Миша ремонтировал газовую колонку на кухне у Антонины Терентьевны. Настя держала инструменты, а старушка жарила пирожки. По ее суетливым, резвым движениям легко было догадаться, как она относится к тому, что у Насти появился кавалер. В этом факте Антонина Терентьевна находила для себя большие перспективы. Мужчина в доме, что тут говорить? Миша уже устранил в квартире Антонины Терентьевны множество мелких неполадок и вот наконец-то добрался до газовой колонки! Антонина Терентьевна сбегала на рынок за капустой, приготовила начинку. Настроение в доме царило приподнятое. Антонина Терентьевна чувствовала себя чуть ли не авантюристкой. Да что там! Участницей дворцового переворота, не меньше!
Еще бы! Ее ученики доверили ей свою дочь. Строго-настрого наказали следить за ней и держать в курсе всех ее дел. «И чуть что — сразу звоните!» Особо строго Альбина с Валерой наказали блюсти Настину девичью честь. Чтобы не загуляла. Ее ученики находились до сих пор в том суетном беспокойном возрасте, когда иллюзии все еще наглухо заслоняют родительское зрение, а мнимые ценности заслоняют истинные. Молодое поколение, включая их дочь Настю, воспринимается как класс антагонистический, который нужно ломать и отесывать. Антонина Терентьевна же, перешагнув седьмой десяток, иллюзии наконец утратила безвозвратно, а взгляды на воспитание пересмотрела в корне. В Насте она быстро угадала тот огонь, у которого так приятно греться, то живое, иногда слишком живое существо, которое заставит и саму Антонину Терентьевну встряхнуться, острее почувствовать жизнь. Они подружились, как это ни странно. Антонина Терентьевна даже несколько задрала нос перед соседками. Она больше не вступала в бесполезные дебаты по поводу цен и пенсий, а по телику смотрела исключительно «Фабрику звезд» и другие новомодные проекты, в которых участвовала молодежь. К жизни Настиной группы старушка выказывала неподдельный интерес. Знала по именам преподавателей и сама ездила на книжный рынок, поискать для Насти «макулатуру» — раритетные издания, которые задавали по теории драмы.

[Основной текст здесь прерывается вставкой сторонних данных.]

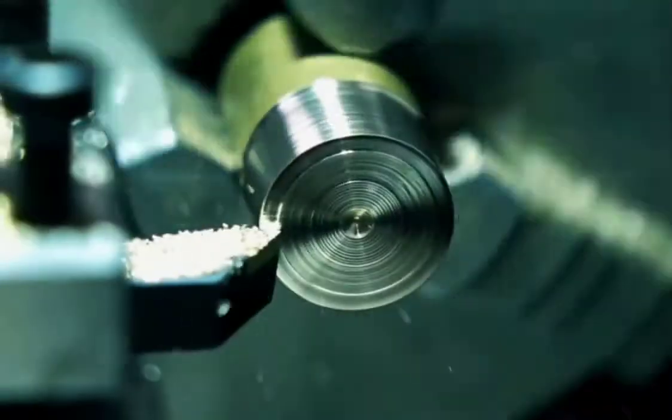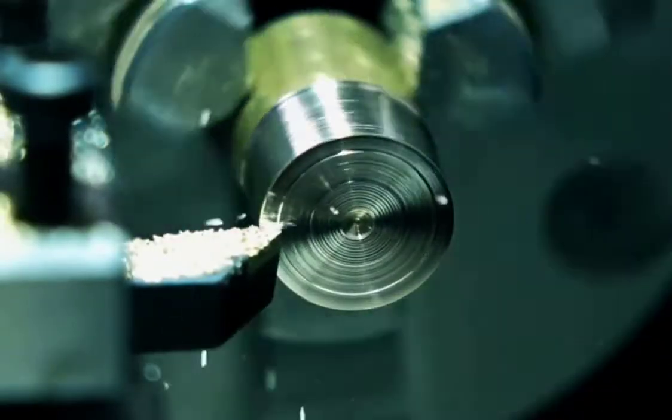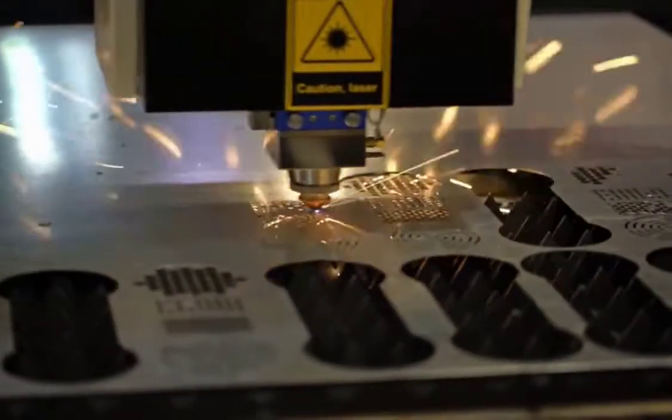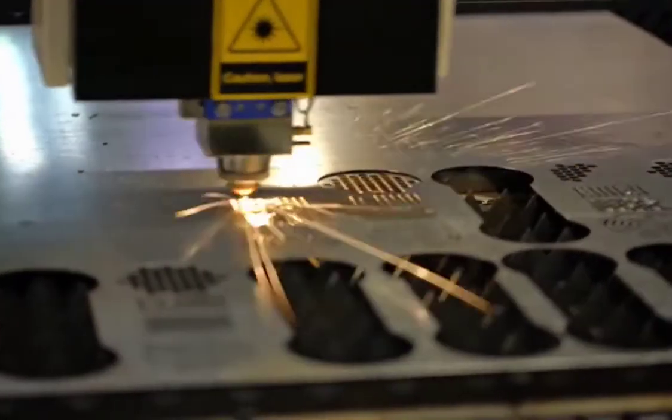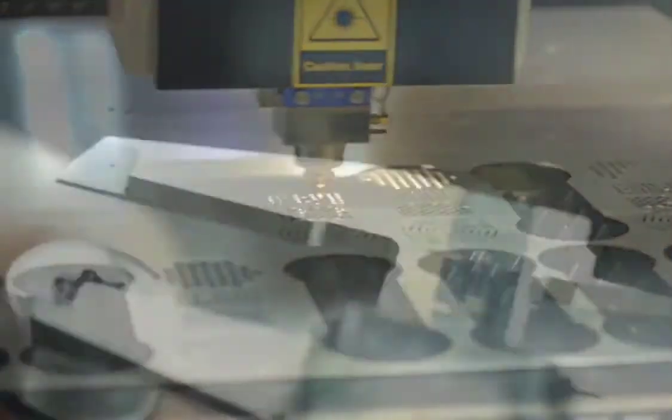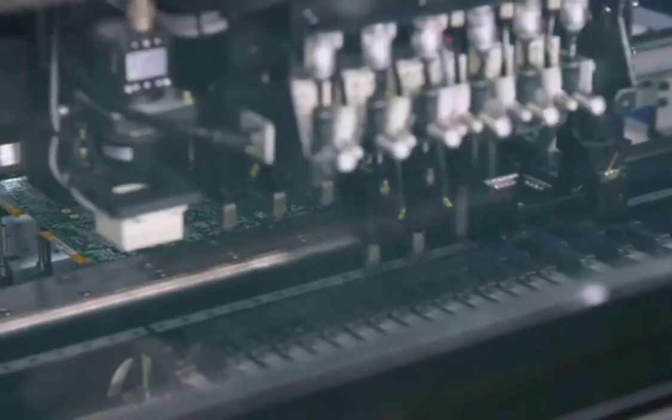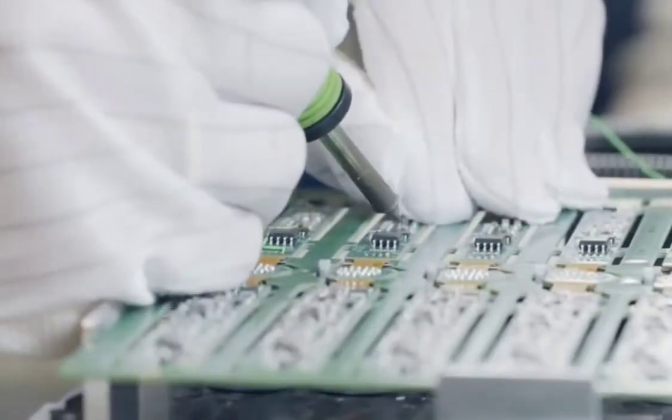All parts are manufactured with great care and Swiss precision. Every part is subject to strict testing. Electronic boards are produced in-house.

— Настенька, звонила твоя мама, — не отрываясь от лепки пирожков, вспомнила Антонина Терентьевна. — Просила напомнить, что пора переходить на зимнюю обувь.
Настя наморщила носик.
— Я прослежу, Антонина Терентьевна, — пообещал Миша и включил колонку. Газовое пламя весело замерцало и загудело.
— Что бы мы без вас делали, Мишенька! — всплеснула руками старушка. Ее возглас относился то ли к колонке, то ли к Настиной обуви.
— Круто! — подпрыгнула Настя. — Убирай скорее свои железки. А то запах пирожков меня просто нервирует.
Стол накрыли в комнате Антонины Терентьевны. Из горки был извлечен немецкий сервиз с пастушками и овечками. За столом лилась оживленная беседа, когда в прихожей раздался звонок.
Все трое вопросительно уставились друг на друга.
Настя резво вскочила:
— Я открою.
Раскрасневшаяся от пирожков и горячего чая, она распахнула дверь и остолбенела. На площадке стоял Вадим. Несколько секунд они разглядывали друг друга. Вадим выглядел невыспавшимся.
— Настя… — Налицо вылезла виноватая улыбка. Взгляд был таким, словно он не ожидал ее здесь увидеть. — А Миша у тебя?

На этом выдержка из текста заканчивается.